▸ **Activity**: Could you please reproduce the entries exactly, leaving out any pictures?

Start of Data extracts

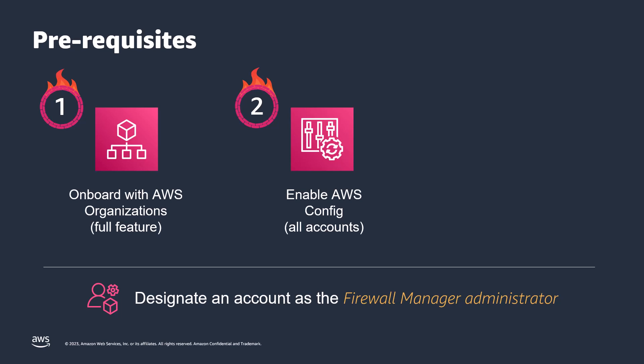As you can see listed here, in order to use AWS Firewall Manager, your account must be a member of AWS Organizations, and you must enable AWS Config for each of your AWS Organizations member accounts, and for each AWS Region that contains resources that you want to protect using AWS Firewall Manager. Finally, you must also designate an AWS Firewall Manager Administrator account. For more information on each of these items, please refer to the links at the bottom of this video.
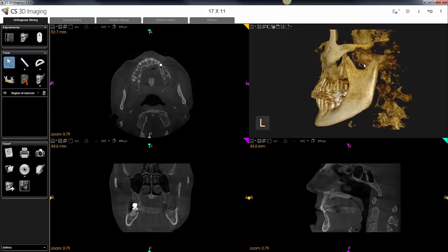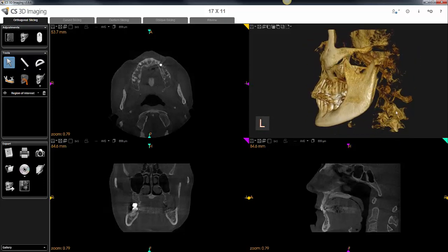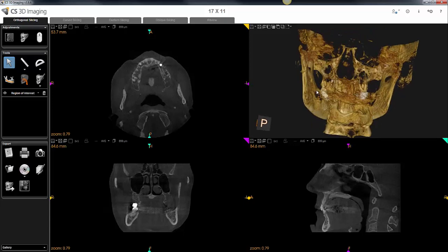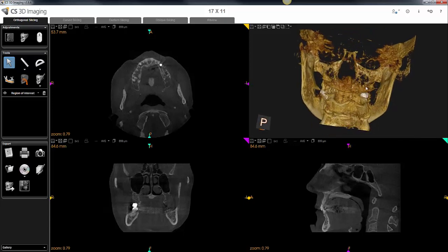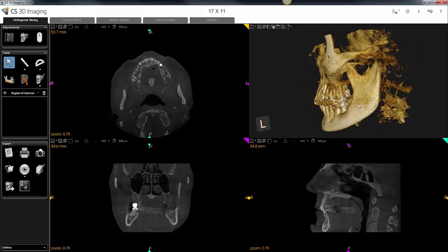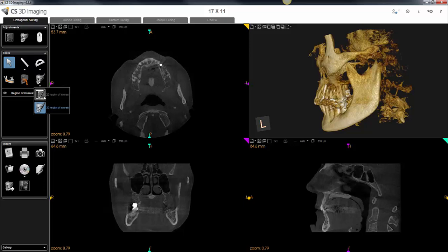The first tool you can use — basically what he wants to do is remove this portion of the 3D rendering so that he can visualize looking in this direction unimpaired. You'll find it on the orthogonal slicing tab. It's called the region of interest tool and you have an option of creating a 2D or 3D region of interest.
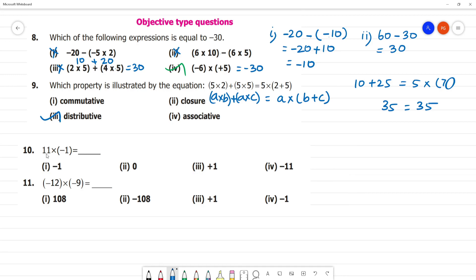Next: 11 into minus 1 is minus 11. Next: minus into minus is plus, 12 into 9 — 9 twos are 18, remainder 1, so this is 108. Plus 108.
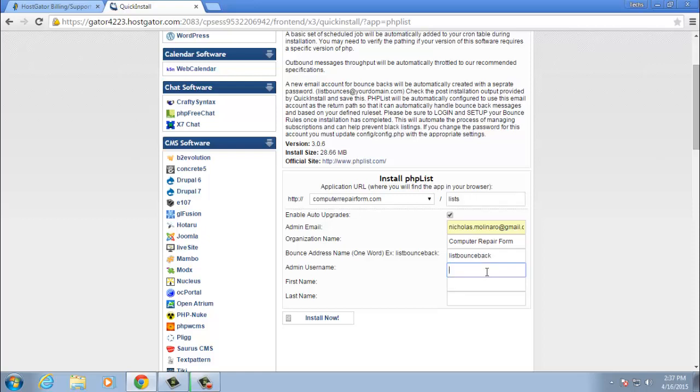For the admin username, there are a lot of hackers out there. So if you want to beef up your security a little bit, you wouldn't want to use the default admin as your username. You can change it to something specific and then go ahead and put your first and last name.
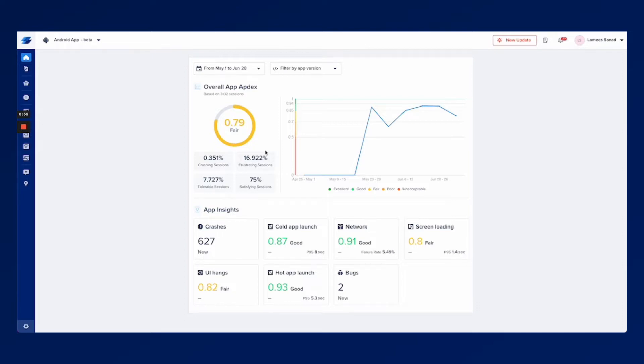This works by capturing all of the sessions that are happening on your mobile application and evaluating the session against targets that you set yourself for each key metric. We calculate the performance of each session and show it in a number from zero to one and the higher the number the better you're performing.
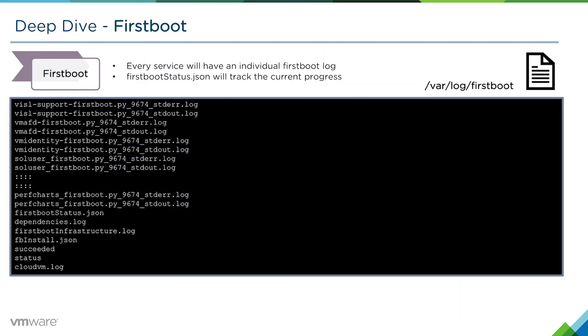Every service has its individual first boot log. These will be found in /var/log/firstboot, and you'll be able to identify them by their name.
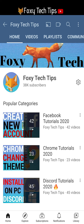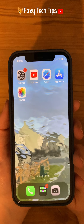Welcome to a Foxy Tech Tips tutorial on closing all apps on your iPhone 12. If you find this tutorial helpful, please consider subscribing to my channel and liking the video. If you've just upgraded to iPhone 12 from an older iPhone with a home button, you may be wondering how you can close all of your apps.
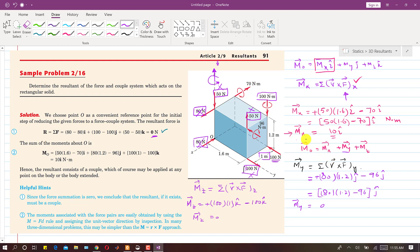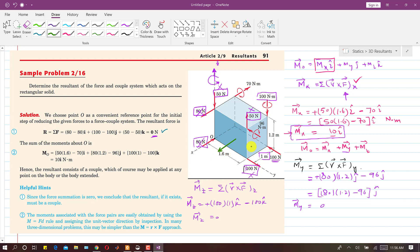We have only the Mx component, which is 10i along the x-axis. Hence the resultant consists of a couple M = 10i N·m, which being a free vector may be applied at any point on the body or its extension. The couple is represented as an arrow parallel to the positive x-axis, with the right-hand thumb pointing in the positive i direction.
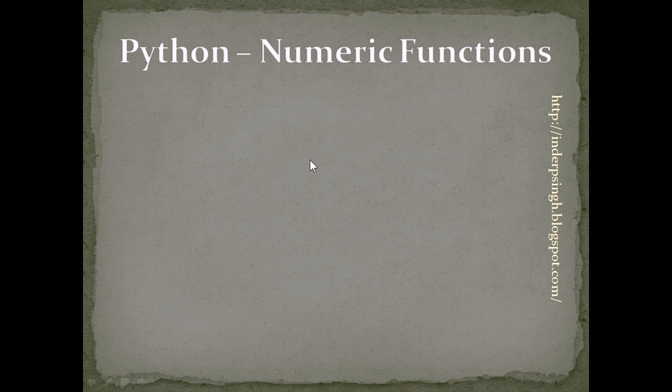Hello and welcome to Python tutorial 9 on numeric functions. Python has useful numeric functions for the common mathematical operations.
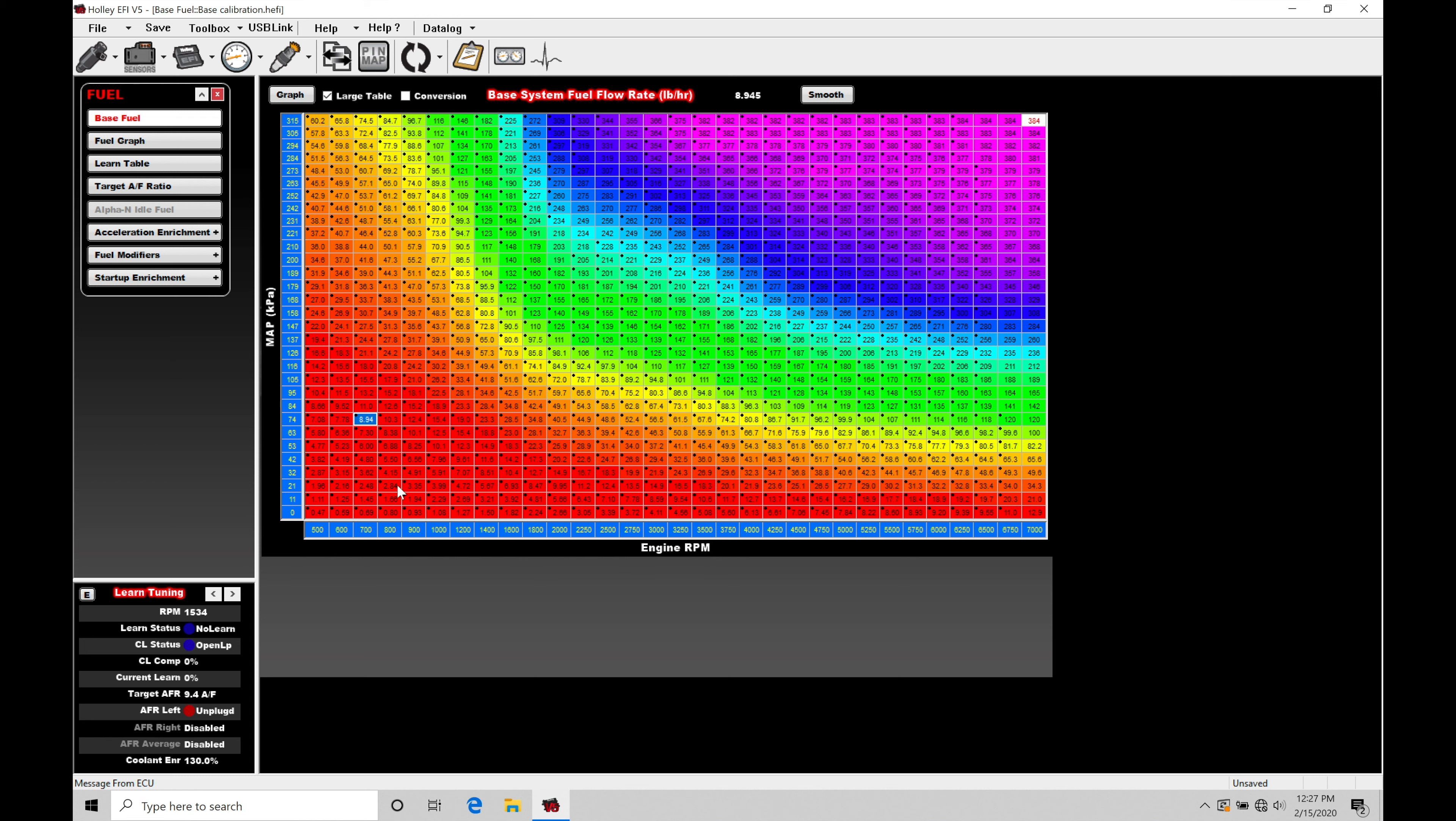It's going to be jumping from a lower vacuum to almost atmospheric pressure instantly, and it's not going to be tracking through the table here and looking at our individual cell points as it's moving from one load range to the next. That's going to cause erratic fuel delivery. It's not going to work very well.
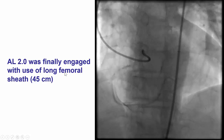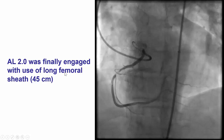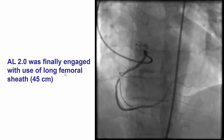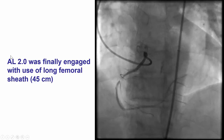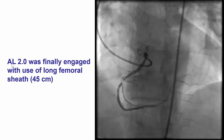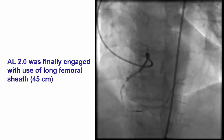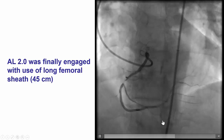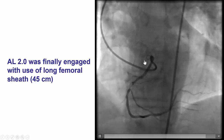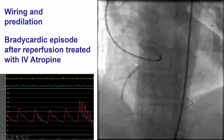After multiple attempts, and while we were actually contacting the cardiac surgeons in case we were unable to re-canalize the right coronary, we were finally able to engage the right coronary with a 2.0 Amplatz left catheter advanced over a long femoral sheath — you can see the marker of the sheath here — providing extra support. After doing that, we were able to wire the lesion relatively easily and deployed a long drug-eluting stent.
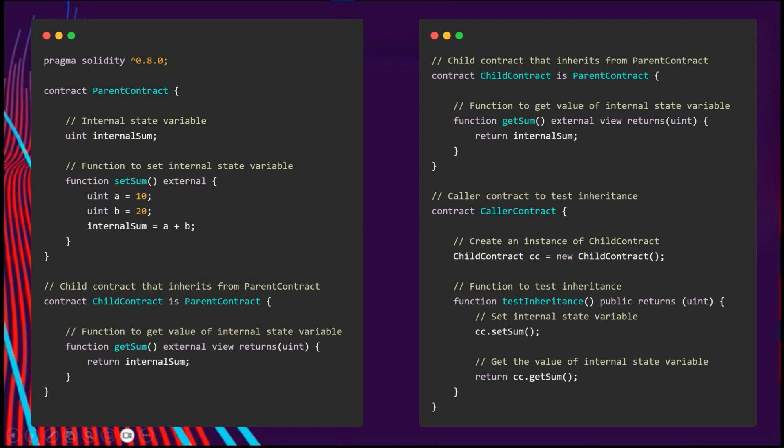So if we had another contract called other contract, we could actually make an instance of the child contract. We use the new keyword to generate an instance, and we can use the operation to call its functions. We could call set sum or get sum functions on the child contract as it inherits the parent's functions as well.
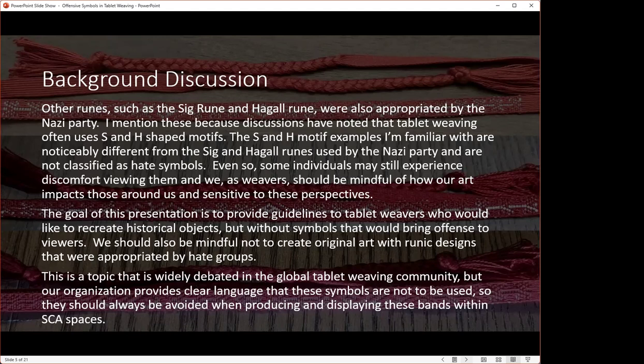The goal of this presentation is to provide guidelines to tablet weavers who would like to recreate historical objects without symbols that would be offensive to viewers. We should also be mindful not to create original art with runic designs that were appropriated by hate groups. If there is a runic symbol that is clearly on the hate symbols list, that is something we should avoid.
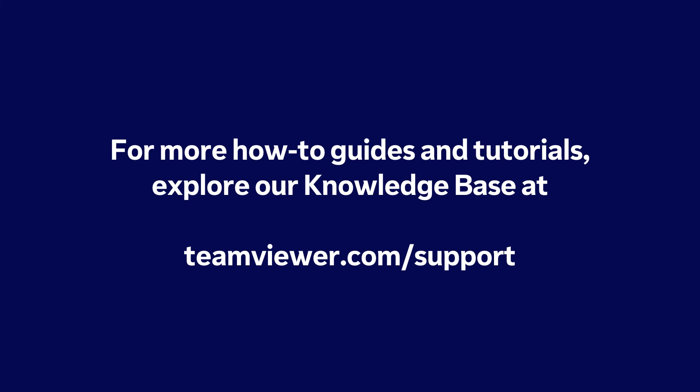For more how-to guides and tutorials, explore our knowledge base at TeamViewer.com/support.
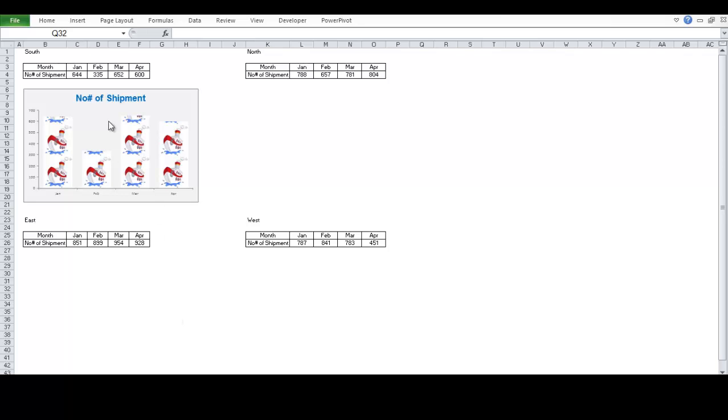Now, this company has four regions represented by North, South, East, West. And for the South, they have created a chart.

End of Data extracts

▸ **Response area**:
As you can see listed here, in order to use AWS Firewall Manager, your account must be a member of AWS Organizations, and you must enable AWS Config for each of your AWS Organizations member accounts, and for each AWS Region that contains resources that you want to protect using AWS Firewall Manager. Finally, you must also designate an AWS Firewall Manager Administrator account. For more information on each of these items, please refer to the links at the bottom of this video.
The first tool you can use — basically what he wants to do is remove this portion of the 3D rendering so that he can visualize looking in this direction unimpaired. You'll find it on the orthogonal slicing tab. It's called the region of interest tool and you have an option of creating a 2D or 3D region of interest.
Next: 11 into minus 1 is minus 11. Next: minus into minus is plus, 12 into 9 — 9 twos are 18, remainder 1, so this is 108. Plus 108.
For the admin username, there are a lot of hackers out there. So if you want to beef up your security a little bit, you wouldn't want to use the default admin as your username. You can change it to something specific and then go ahead and put your first and last name.
This works by capturing all of the sessions that are happening on your mobile application and evaluating the session against targets that you set yourself for each key metric. We calculate the performance of each session and show it in a number from zero to one and the higher the number the better you're performing.
Every service has its individual first boot log. These will be found in /var/log/firstboot, and you'll be able to identify them by their name.
Welcome to a Foxy Tech Tips tutorial on closing all apps on your iPhone 12. If you find this tutorial helpful, please consider subscribing to my channel and liking the video. If you've just upgraded to iPhone 12 from an older iPhone with a home button, you may be wondering how you can close all of your apps.
We have only the Mx component, which is 10i along the x-axis. Hence the resultant consists of a couple M = 10i N·m, which being a free vector may be applied at any point on the body or its extension. The couple is represented as an arrow parallel to the positive x-axis, with the right-hand thumb pointing in the positive i direction.
Hello and welcome to Python tutorial 9 on numeric functions. Python has useful numeric functions for the common mathematical operations.
It's going to be jumping from a lower vacuum to almost atmospheric pressure instantly, and it's not going to be tracking through the table here and looking at our individual cell points as it's moving from one load range to the next. That's going to cause erratic fuel delivery. It's not going to work very well.
After multiple attempts, and while we were actually contacting the cardiac surgeons in case we were unable to re-canalize the right coronary, we were finally able to engage the right coronary with a 2.0 Amplatz left catheter advanced over a long femoral sheath — you can see the marker of the sheath here — providing extra support. After doing that, we were able to wire the lesion relatively easily and deployed a long drug-eluting stent.
So if we had another contract called other contract, we could actually make an instance of the child contract. We use the new keyword to generate an instance, and we can use the operation to call its functions. We could call set sum or get sum functions on the child contract as it inherits the parent's functions as well.
The goal of this presentation is to provide guidelines to tablet weavers who would like to recreate historical objects without symbols that would be offensive to viewers. We should also be mindful not to create original art with runic designs that were appropriated by hate groups. If there is a runic symbol that is clearly on the hate symbols list, that is something we should avoid.
For more how-to guides and tutorials, explore our knowledge base at TeamViewer.com/support.
Now, this company has four regions represented by North, South, East, West. And for the South, they have created a chart.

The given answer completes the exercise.